Jean-Claude Juncker, the former President of the European Council, is correct in his assertion that “whoever holds doubts about the European Union should visit a military cemetery.”
After having experienced two World Wars, Europe needed a fresh start. Political and economic agreements were settled in order to ensure peace. An economic union of the coal and steel industries was advocated by the then French foreign minister.
The logic was that the mutual trade would disable another destructive Franco-German conflict, and ensure long-term economic and political stability in Europe, which was badly needed so Europe could heal its wounds from the War. By establishing the European Coal and Steel Community in 1951, the foundation was laid for what is now the European Union.
It was not until 1992, however, that the EU was formally created by the members of the European Community. The Treaty of Maastricht divided the EU into three key pillars: the European Community, Common Foreign, Security Policy and Police and Judicial Co-operation in Criminal Matters. Supranationalism is still developed distinctively within each pillar depending on how sensitive states are concerning their national sovereignty.
Today the EU consists of a confederation of 25 member states and over 460 million inhabitants. It is the most developed intergovernmental organisation worldwide. Nevertheless, numerous problems and questions remain unanswered.

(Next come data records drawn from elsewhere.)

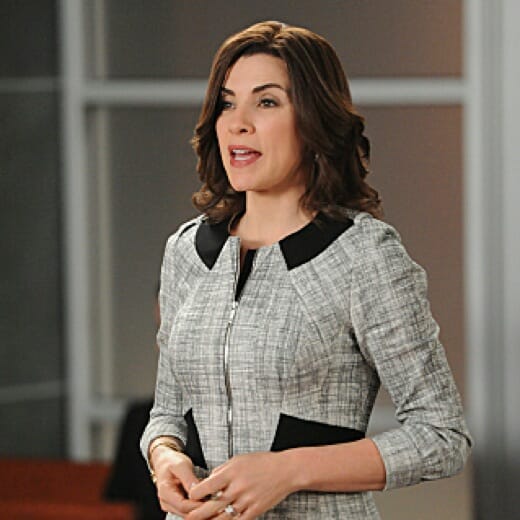 The Good Wife: “What’s in the Box” (Episode 4.22)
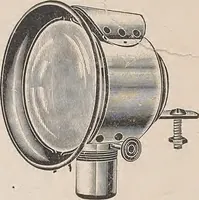 An illustration from Review of spring and summer goods, 1911 (1911)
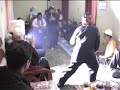 Pencak Silat West Sumatra Singo Barantai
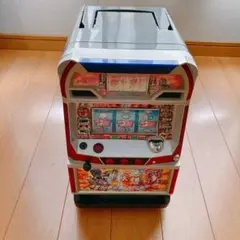 ⭐️北斗の拳⭐️【黒王】パチスロの温冷庫★即購入可能★ 2025年最新】北斗の拳 冷温庫の人気アイテム - メルカリ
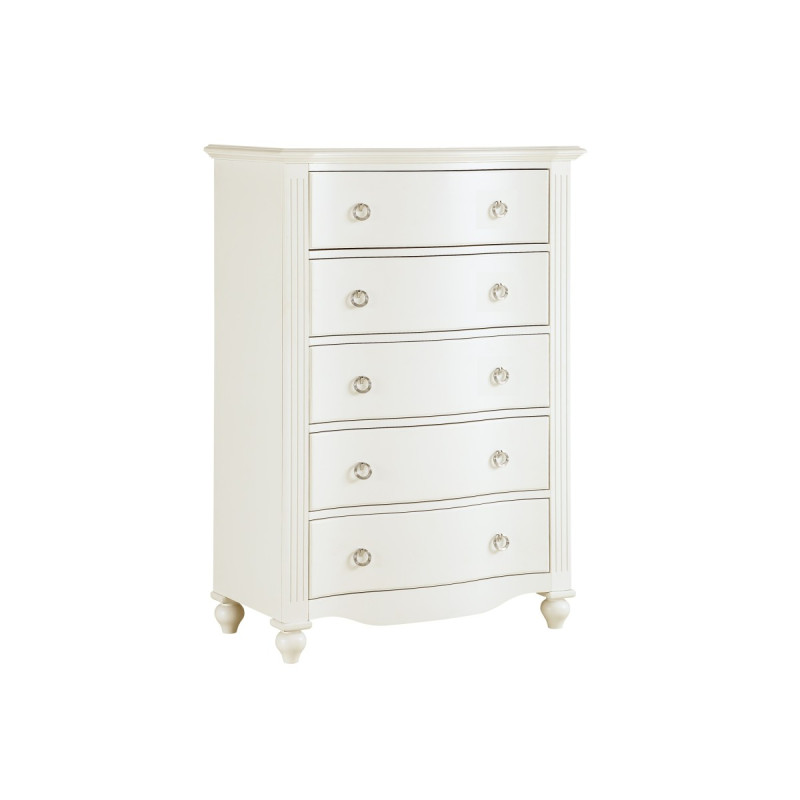 2058WH-9 Chest Meghan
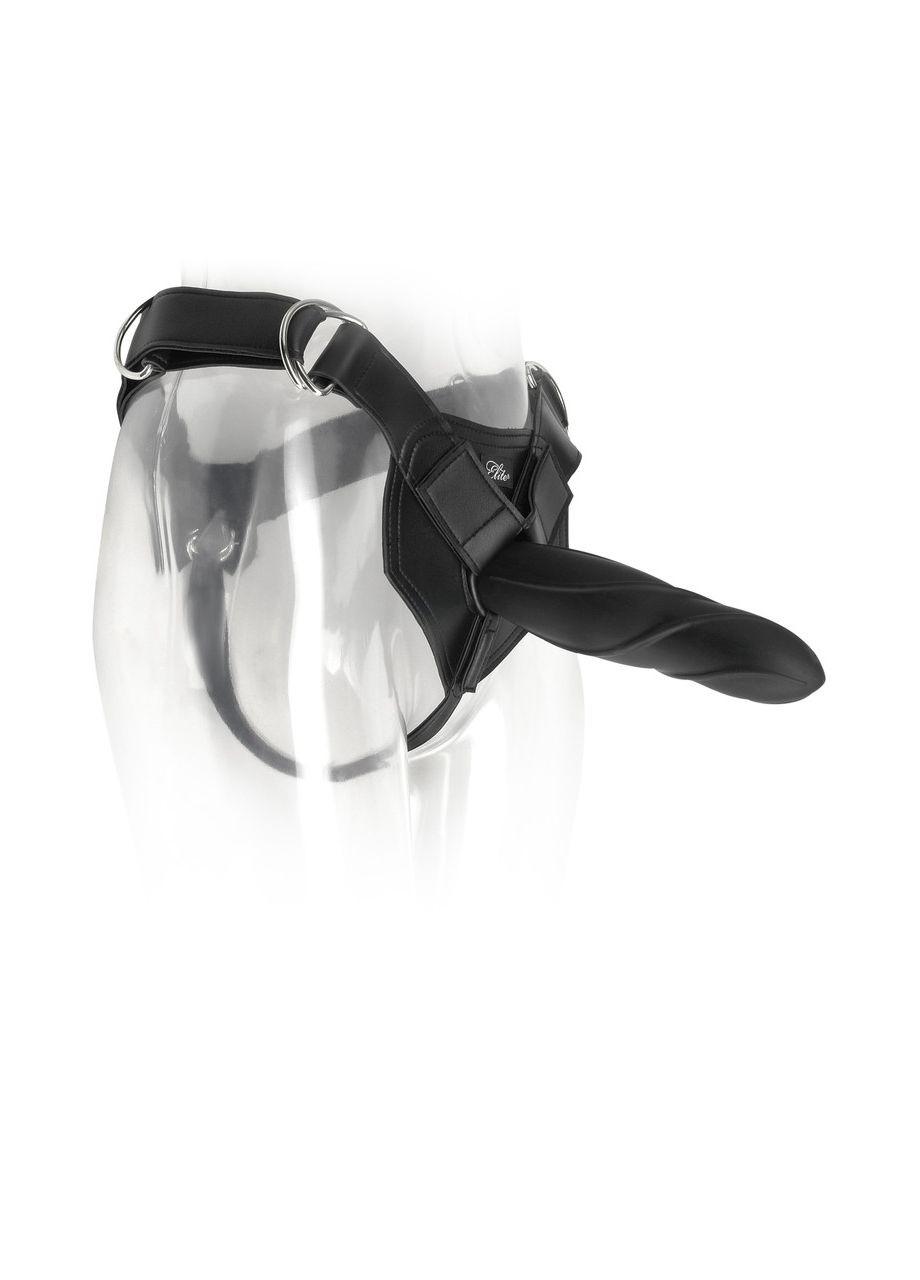 Трусики для страпона Fetish Fantasy Elite Универсальный Heavy-Duty Harness INTERSHOP Pipedream (341303826)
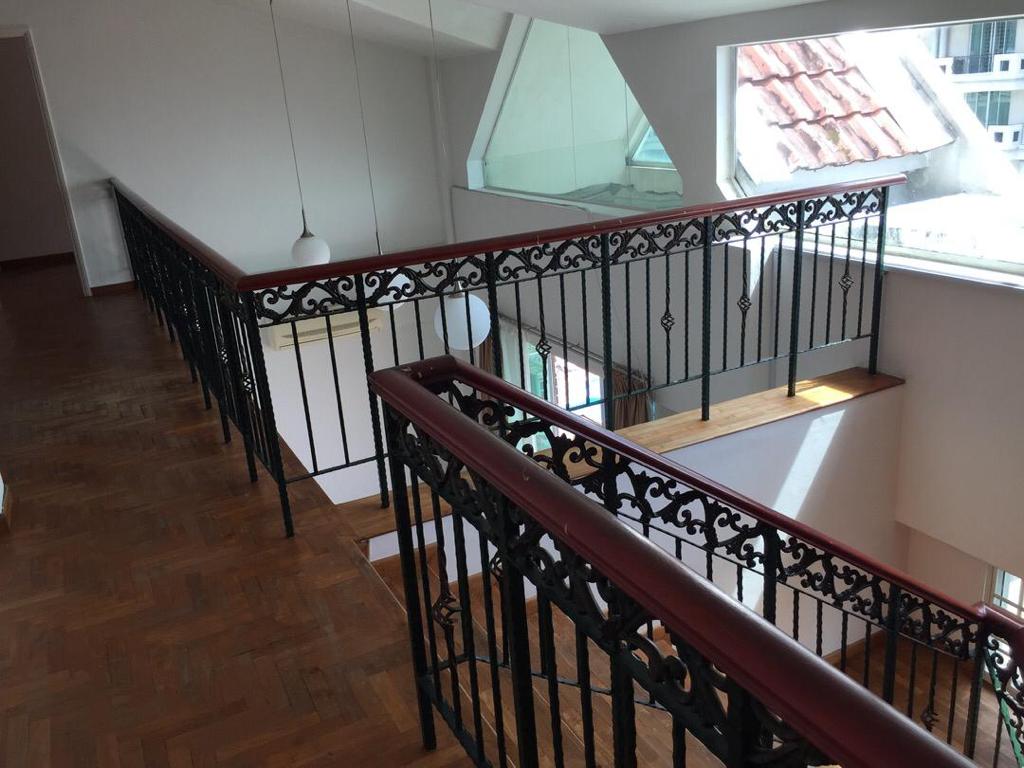 Jb town Petrie Condominium Duplex Penthouse - photo 6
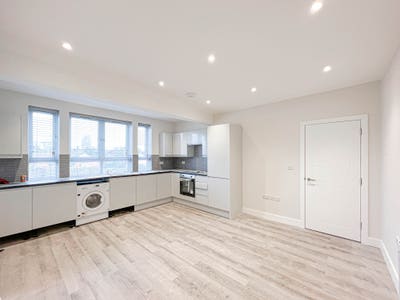 A stunning 2 bedroom apartment Main Photo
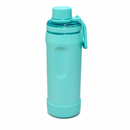 GARRAFA TERMICA 650 ML FOSCA COM TAMPA ACRILICO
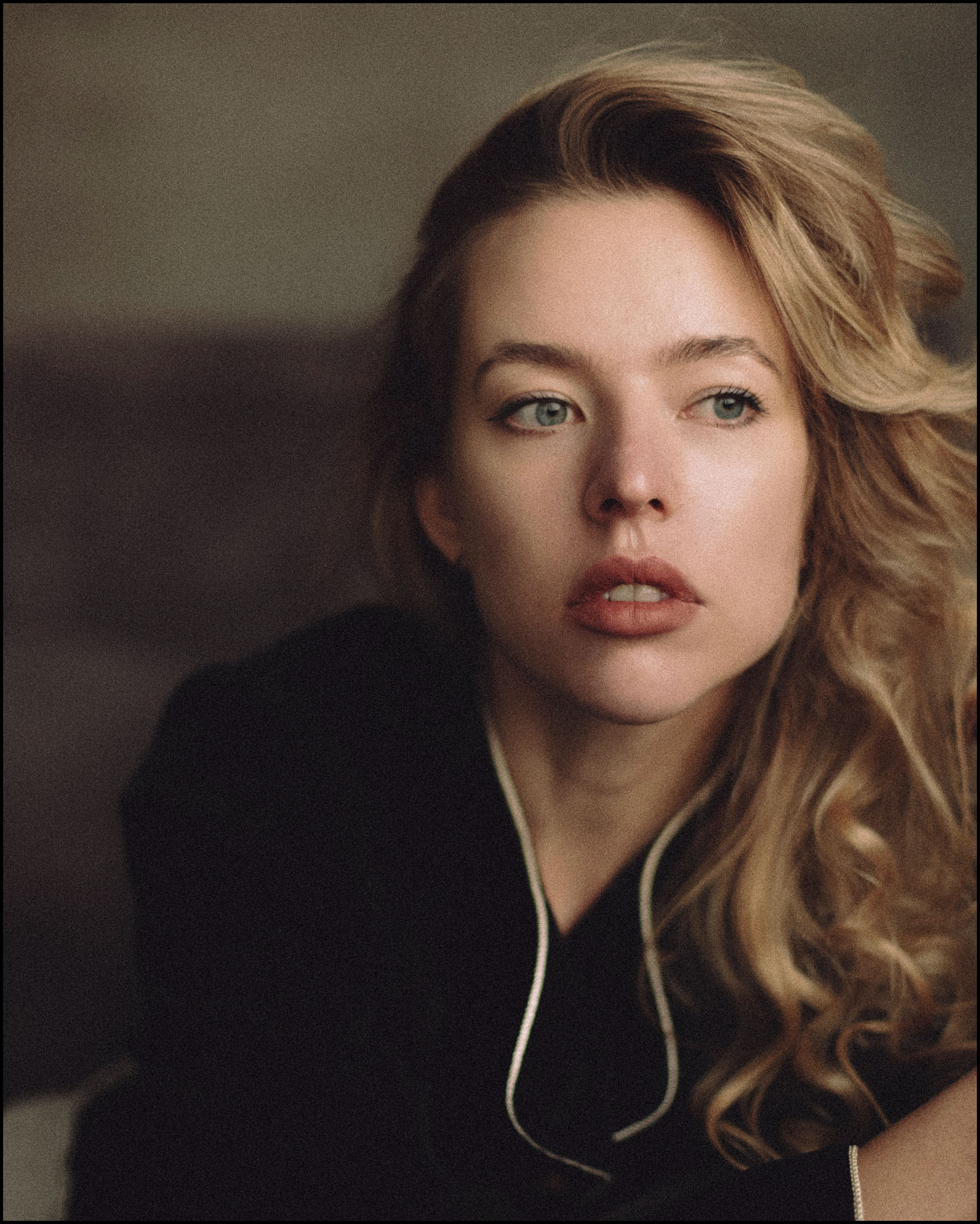 Таня. Фотограф в Нижнем Новгороде Кристина Батанова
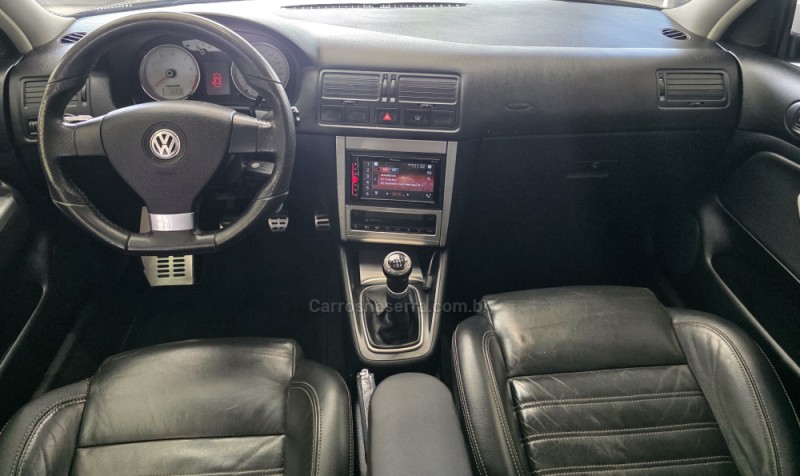 GOLF 1.6 MI SPORTLINE LIMITED EDITION 8V FLEX 4P MANUAL - 2013 - CAXIAS DO SUL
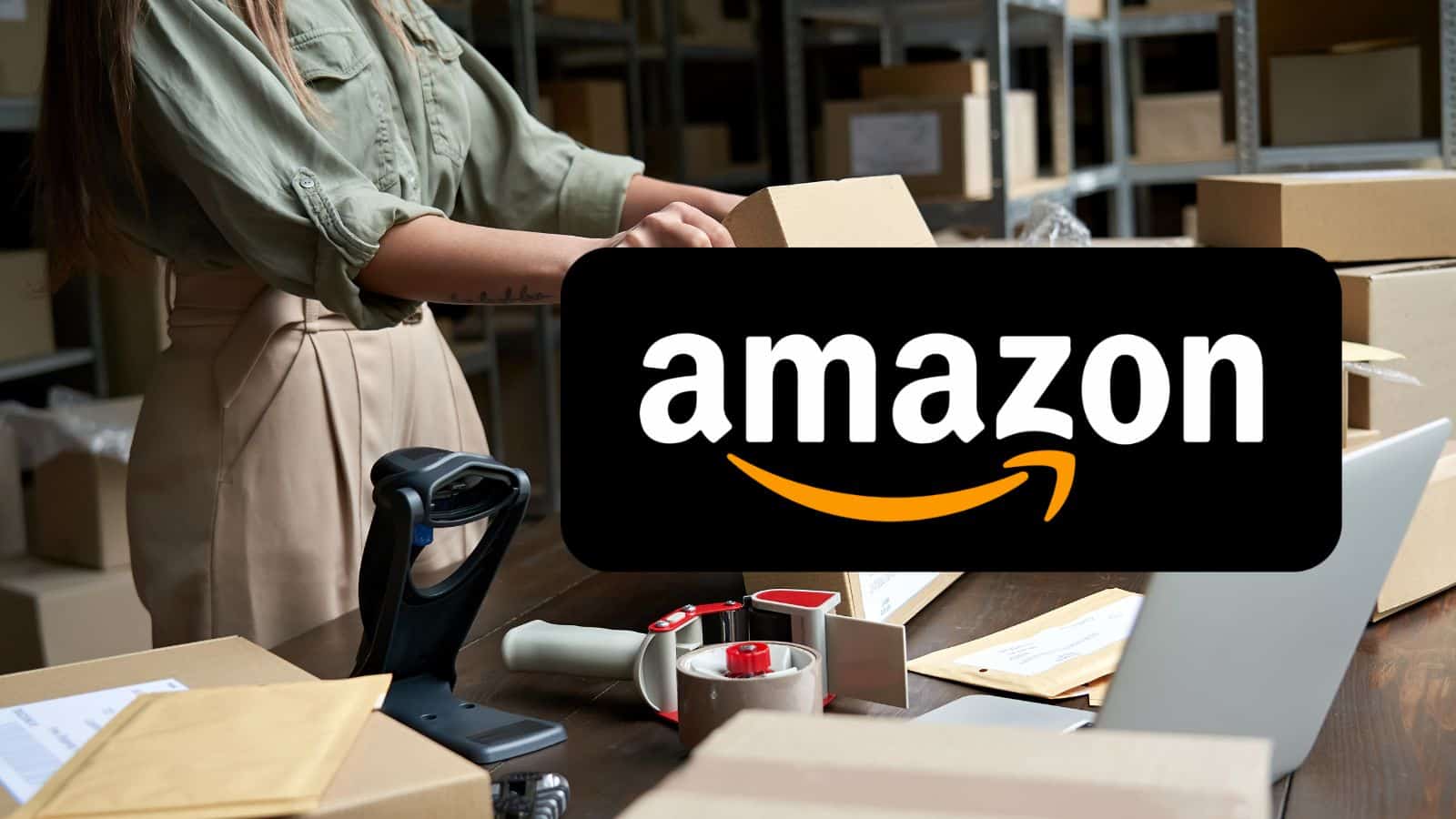 Amazon è PAZZA: in regalo GRATIS smartphone e tecnologia OGGI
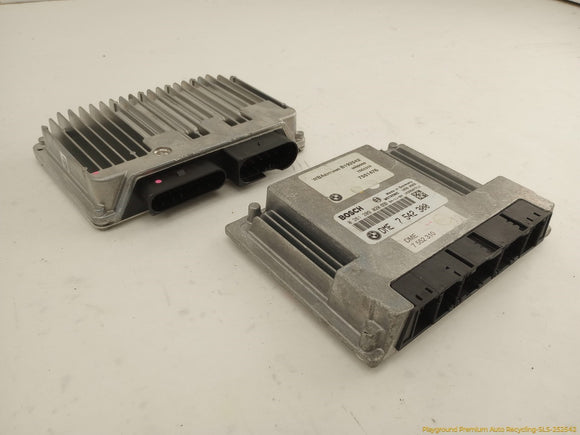 BMW 645CI Engine Ignition Module Set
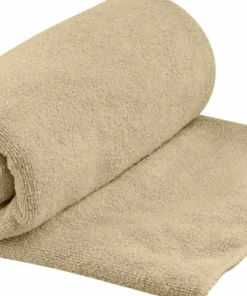 Clearance Sea To Summit Tek Towel M Desert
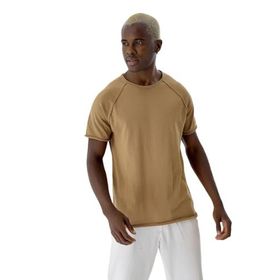Chuba 24S268 Taba Erkek T-shirt
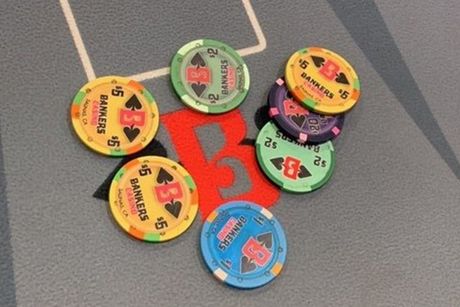 Cards and Chips — Salinas, CA — Casino Games & Great Food
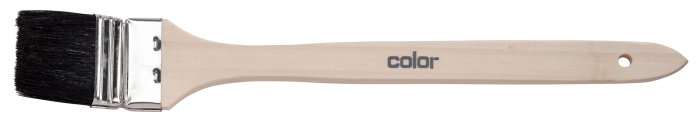 Elementpensel 70 Mm Color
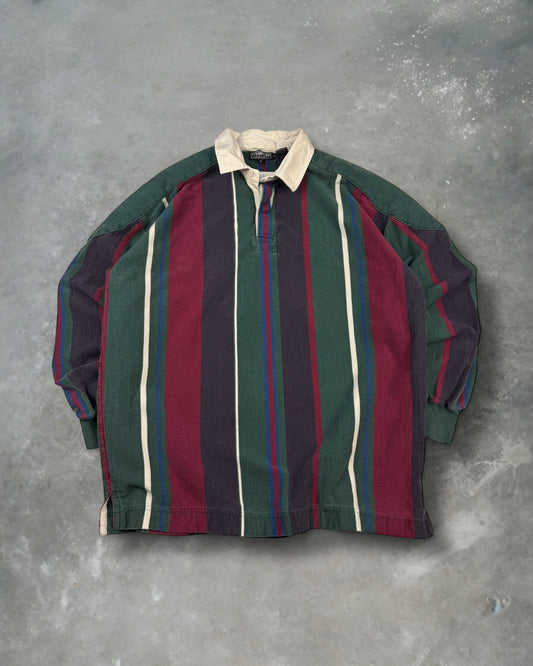 ‘00s Wynbrooke Polo Sz. XL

How to resolve the issue of the democratic deficit? What about a common foreign policy? And how does the idea of a multi-speed Europe come in?
Structural deficits and lack of electoral support continue to hinder the democratic legitimisation of the Union. Furthermore, recent events have shown the EU still cannot act as a single player. Not all the member states, it would seem, are ready to proceed with further integration.
What impact does the rejection of the European Constitution by two of the orginal founder states have on the future of the EU? Is the future of the EU itself at stake? It is the opinion of this society that the refusal of a common constitution by the French and Dutch voters should rather be seen as an opportunity to rethink collective goals and cope with current problems in order to strengthen the Union.
Coming back to Juncker’s quotation, we must recognize the incredible developments that have been achieved since 1945.
In 50 years, the zone of peace has been established, the level of prosperity has increased significantly and economic imbalances have been compensated. Overall European integration has been successful, but there is still a lot to be accomplished. Therefore, further consolidation should be pursued until one day we are unified as the “United States of Europe”.